■ The task ■
Could you set down only the lines from the one including "empfindet sichtliches Vergnügen." to the end of the records below, inclusive and exact, leaving pictures out?

*** Recorded data Section Begins ***

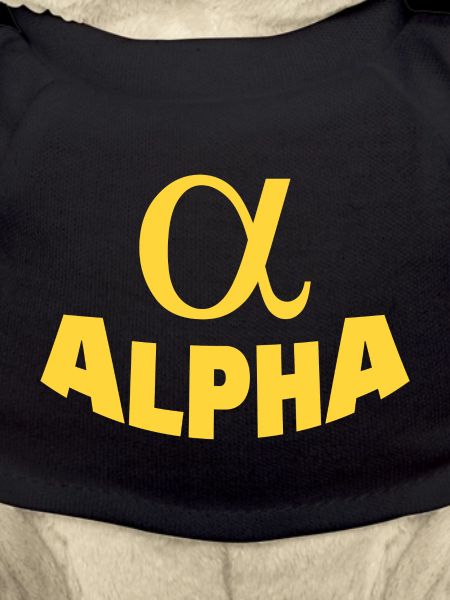 ALPHA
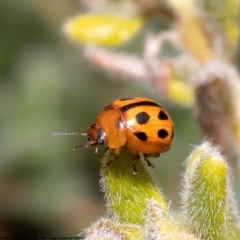 Peltoschema basicollis (Leaf beetle) at Black Mountain - 28 Sep 2022 by Roger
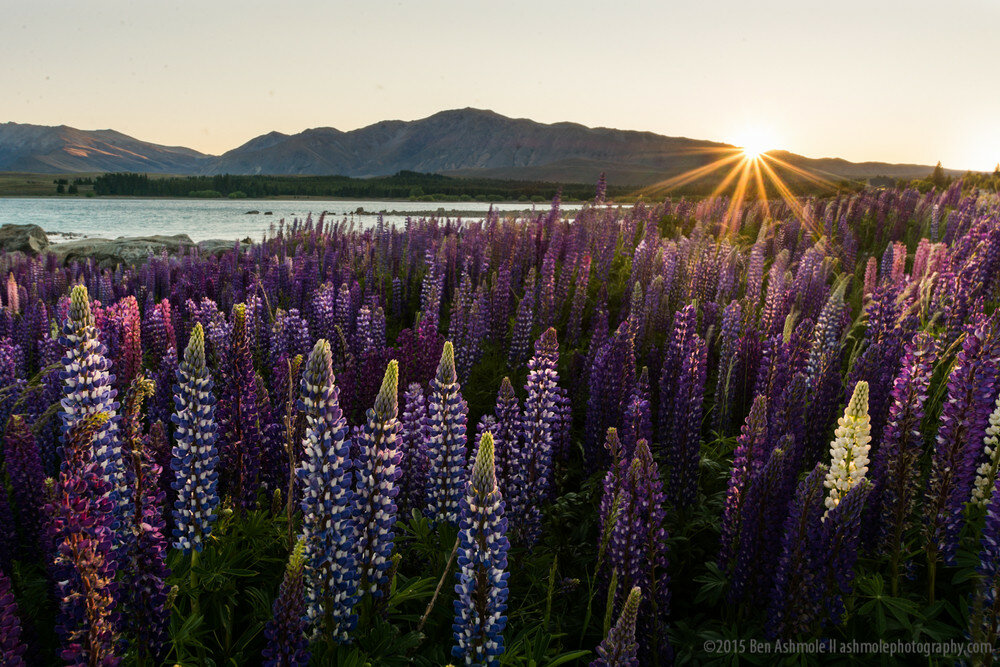 Lupines At Sunrise, Lake Tekapo, New Zealand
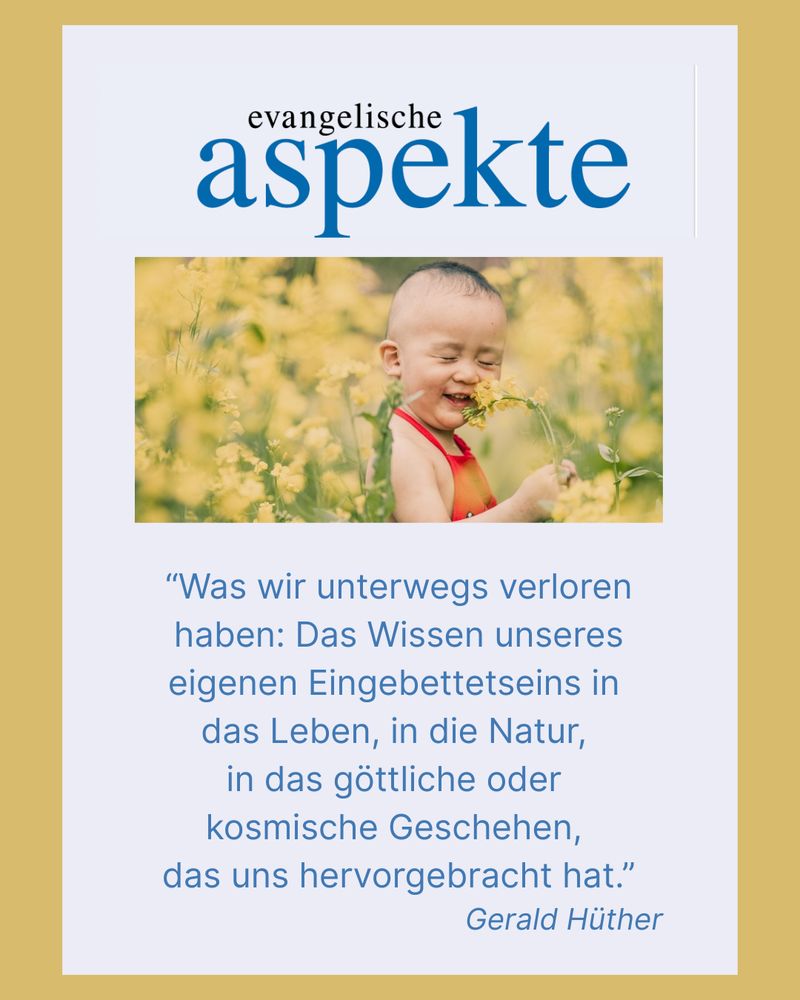 "was wir unterwegs verloren haben: Das Gefühl und das Wissen unseres eigenen Eingebettetseins in das Leben, in die Natur, in das göttliche oder kosmische Geschehen, das uns hervorgebracht hat." Zitat aus verlinktem Beitrag von Gerald Hüther. Dazu das Bild eines kleinen Kindes in einer Wiese voller gelber Blumen. Es hält sich eines der Blütenstängel vors Gesicht und empfindet sichtliches Vergnügen.
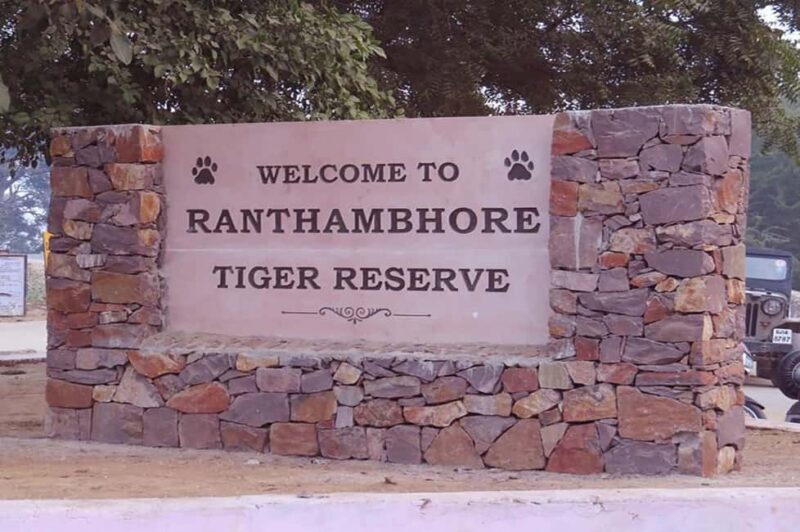 From Jaipur: Praivte Ranthambore Tour By Jeep Canter Safari - Introduction: What Makes This Ranthambore Safari Special?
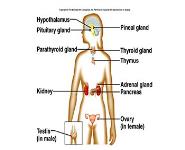 Endocrine System PowerPoint Presentation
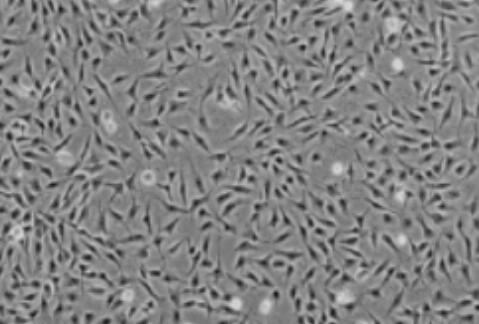 人表皮黑色素细胞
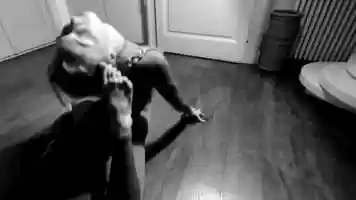 Free download Dark and light video and edit with RedcoolMedia movie maker MovieStudio video editor online and AudioStudio audio editor onlin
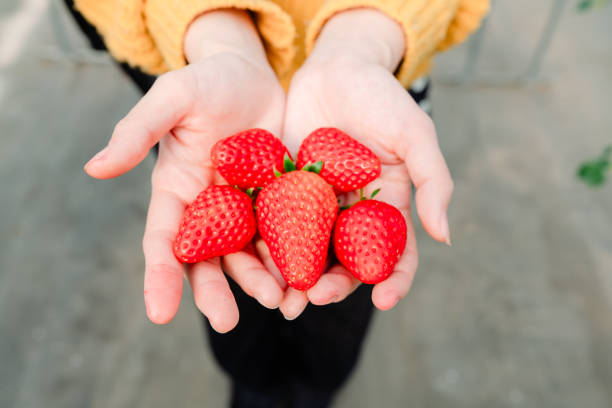Picking strawberries in a greenhouse in Chiba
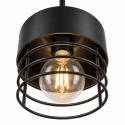 Pendant lamp 1xE27 ELLE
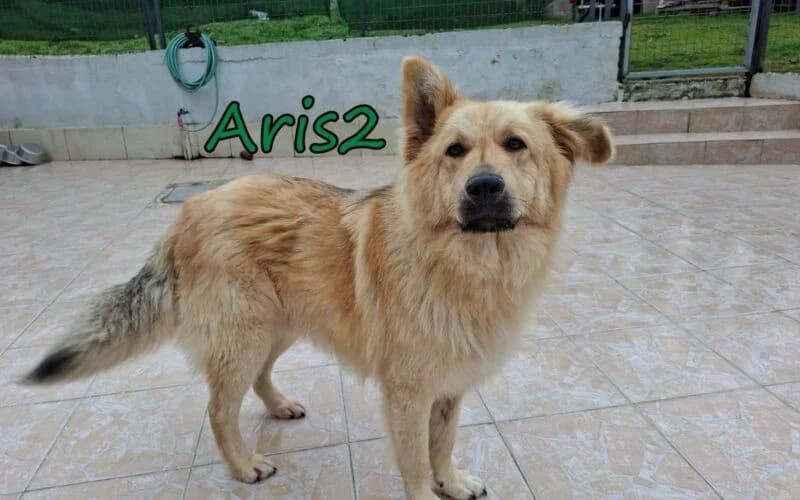 Aris2, male Mixed Breed for adoption at Tierheimhelden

*** Recorded data Section Ends ***

■ Solved problem ■
 "was wir unterwegs verloren haben: Das Gefühl und das Wissen unseres eigenen Eingebettetseins in das Leben, in die Natur, in das göttliche oder kosmische Geschehen, das uns hervorgebracht hat." Zitat aus verlinktem Beitrag von Gerald Hüther. Dazu das Bild eines kleinen Kindes in einer Wiese voller gelber Blumen. Es hält sich eines der Blütenstängel vors Gesicht und empfindet sichtliches Vergnügen.
 From Jaipur: Praivte Ranthambore Tour By Jeep Canter Safari - Introduction: What Makes This Ranthambore Safari Special?
 Endocrine System PowerPoint Presentation
 人表皮黑色素细胞
 Free download Dark and light video and edit with RedcoolMedia movie maker MovieStudio video editor online and AudioStudio audio editor onlin
Picking strawberries in a greenhouse in Chiba
 Pendant lamp 1xE27 ELLE
 Aris2, male Mixed Breed for adoption at Tierheimhelden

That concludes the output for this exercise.